[Provided data Boundary: Start]
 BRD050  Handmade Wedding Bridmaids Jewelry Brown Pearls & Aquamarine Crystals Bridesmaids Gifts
[Provided data Boundary: End]
[Provided data Boundary: Start]
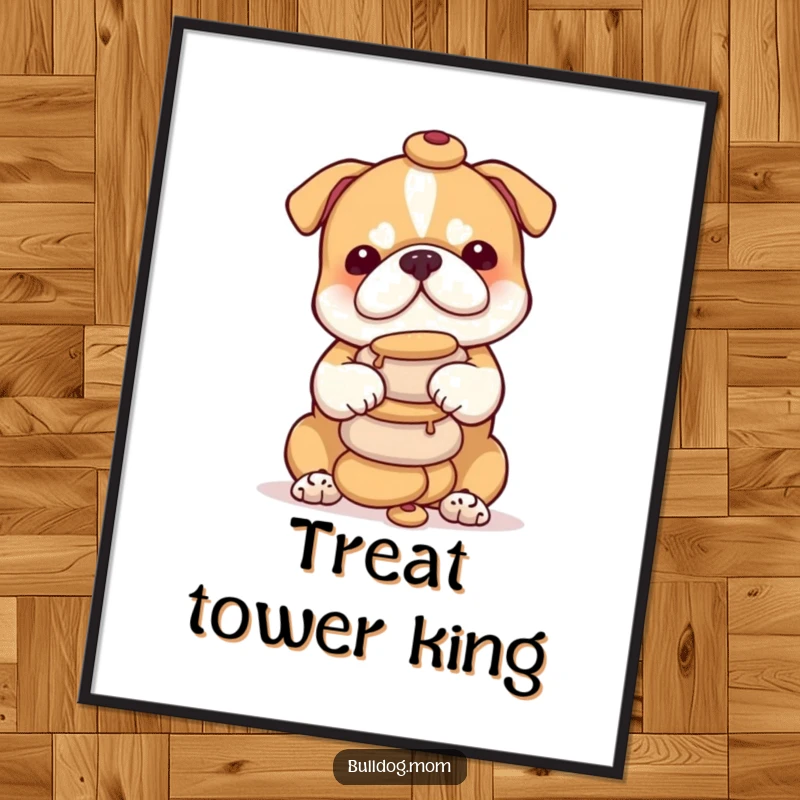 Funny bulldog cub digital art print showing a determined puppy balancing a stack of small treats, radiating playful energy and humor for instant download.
[Provided data Boundary: End]
[Provided data Boundary: Start]
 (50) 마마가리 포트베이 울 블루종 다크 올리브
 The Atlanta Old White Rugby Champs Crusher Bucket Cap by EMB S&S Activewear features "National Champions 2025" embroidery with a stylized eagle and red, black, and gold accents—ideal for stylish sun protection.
[Provided data Boundary: End]
• Work task: Copy the entries above exactly, but only from the line holding "(50) 마마가리 포트베이 울 블루종 다크 올리브" through the line holding "The Atlanta Old", both included.

• Result:
 (50) 마마가리 포트베이 울 블루종 다크 올리브
 The Atlanta Old White Rugby Champs Crusher Bucket Cap by EMB S&S Activewear features "National Champions 2025" embroidery with a stylized eagle and red, black, and gold accents—ideal for stylish sun protection.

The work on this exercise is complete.